Views in VSTO 2.0 are classes (which are individual project items in the IDE) that contain view controls. For Excel, we create a view for each sheet in the workbook and a view for the workbook itself (elements 9 through 12). The resulting programming model has a project item for each view (Sheet1.vb, Sheet2.vb, Sheet3.vb, and ThisWorkbook.vb). Views implement Excel interfaces—worksheets derive from Microsoft.Office.Interop.Excel.Worksheet, workbooks derive from Microsoft.Office.Interop.Excel.Workbook. This means when you are writing code in Sheet1 and type “Me.” or “This.” you will see all the properties and methods of the worksheet (if coding in Sheet1-3) or the workbook (if coding in ThisWorkbook.vb).
Since the view controls (elements 1 through 7) are on Sheet1, they are members of the View class created for sheet1. If we go into the code window for sheet1.vb, we see the following in the left drop down box of objects we can write code against:
Note that element 9 has resulted in a class—a “View” in our terminology—that is called Sheet1. Elements 1-7 have resulted in “View Controls” that are members of Sheet1. These are also numbered in this diagram to show the correspondence to the original Excel worksheet diagram.
A developer can then write code against these view control objects in the generated programming model by putting code into the Sheet1 class.
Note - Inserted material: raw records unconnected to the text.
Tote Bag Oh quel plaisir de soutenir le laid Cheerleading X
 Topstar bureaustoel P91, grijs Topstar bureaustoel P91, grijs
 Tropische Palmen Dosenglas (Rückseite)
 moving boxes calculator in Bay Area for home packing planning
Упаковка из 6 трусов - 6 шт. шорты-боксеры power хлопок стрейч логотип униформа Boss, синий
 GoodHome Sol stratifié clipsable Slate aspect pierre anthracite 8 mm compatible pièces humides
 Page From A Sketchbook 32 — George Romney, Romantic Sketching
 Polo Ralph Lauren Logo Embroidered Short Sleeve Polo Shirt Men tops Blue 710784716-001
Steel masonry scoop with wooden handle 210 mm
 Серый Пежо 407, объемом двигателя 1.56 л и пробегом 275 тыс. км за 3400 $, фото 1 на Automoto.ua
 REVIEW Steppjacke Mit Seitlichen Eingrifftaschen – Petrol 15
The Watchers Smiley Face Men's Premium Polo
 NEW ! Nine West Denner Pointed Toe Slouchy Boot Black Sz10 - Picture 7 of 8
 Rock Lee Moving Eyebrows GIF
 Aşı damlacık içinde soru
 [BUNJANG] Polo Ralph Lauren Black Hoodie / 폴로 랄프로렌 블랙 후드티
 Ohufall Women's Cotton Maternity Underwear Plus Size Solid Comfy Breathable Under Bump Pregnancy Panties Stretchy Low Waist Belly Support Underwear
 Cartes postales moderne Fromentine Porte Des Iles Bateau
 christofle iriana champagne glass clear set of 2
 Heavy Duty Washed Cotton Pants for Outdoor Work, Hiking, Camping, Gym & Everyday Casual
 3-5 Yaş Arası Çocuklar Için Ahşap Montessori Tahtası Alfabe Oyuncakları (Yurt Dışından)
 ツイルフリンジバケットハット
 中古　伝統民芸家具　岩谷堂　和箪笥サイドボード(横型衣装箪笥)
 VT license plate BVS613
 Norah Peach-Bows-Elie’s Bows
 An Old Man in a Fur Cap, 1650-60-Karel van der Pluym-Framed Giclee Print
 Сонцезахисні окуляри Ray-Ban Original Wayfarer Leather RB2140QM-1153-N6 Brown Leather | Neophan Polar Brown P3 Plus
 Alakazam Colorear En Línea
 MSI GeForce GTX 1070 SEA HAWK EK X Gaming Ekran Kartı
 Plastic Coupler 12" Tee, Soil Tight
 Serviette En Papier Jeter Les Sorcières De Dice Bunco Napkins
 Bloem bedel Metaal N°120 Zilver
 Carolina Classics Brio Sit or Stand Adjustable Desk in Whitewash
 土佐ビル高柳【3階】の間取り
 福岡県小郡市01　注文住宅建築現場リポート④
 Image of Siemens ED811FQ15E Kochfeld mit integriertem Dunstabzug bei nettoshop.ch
I've provided some sample code that you might write in “Sheet1.vb“. I’ve added a bunch of comments to try to explain this code.
' This is the "user" side of Sheet1--VSTO generates additional code into Sheet1
' that is hidden and gives you the declaration of the view controls and the fact
' that Sheet1 implements Microsoft.Office.Interop.Excel.Worksheet
Public Class Sheet1
' This is an event handler for a sheet1 event--this is an event on this view since sheet1
' implements the Worksheet interface provided by Excel.
Private Sub Sheet1_BeforeDoubleClick(ByVal Target As Microsoft.Office.Interop.Excel.Range, ByRef Cancel As Boolean) Handles Me.BeforeDoubleClick, MyBase.BeforeDoubleClick
MsgBox("Sheet1 was just double clicked")
End Sub
' This is an initialize event for the class--called when the workbook opens
Private Sub Sheet1_Initialize(ByVal sender As Object, ByVal e As System.EventArgs) Handles Me.Initialize, MyBase.Initialize
' Talk to a view control (a Winforms checkbox) that is a member of Sheet1
CheckBox1.Enabled = True
' Talk to a view control (a named range) that is a member of Sheet1
myNamedRange.Value2 = "Hello Excel"
' Talk to an Excel Worksheet method on this view class that comes from Microsoft.Office.Interop.Excel.Worksheet
Me.CheckSpelling()
End Sub
' This is a shutdown event for the class--called when the workbook closes
Private Sub Sheet1_Shutdown(ByVal sender As Object, ByVal e As System.EventArgs) Handles Me.Shutdown, MyBase.Shutdown
End Sub
' This is an event handler for a view control event--the change event for myNamedRange
' which is a member of the Sheet1 class.
Private Sub myNamedRange_Change(ByVal Target As Microsoft.Office.Interop.Excel.Range) Handles myNamedRange.Change
MsgBox("myNamedRange just changed")
End Sub
End Class
Comments
- Anonymous
June 15, 2004
Note that VBA would promote ActiveX controls in the document into the programming model as named objects - Anonymous
July 17, 2004
ERic,
The imags have disappeared on this blog entry.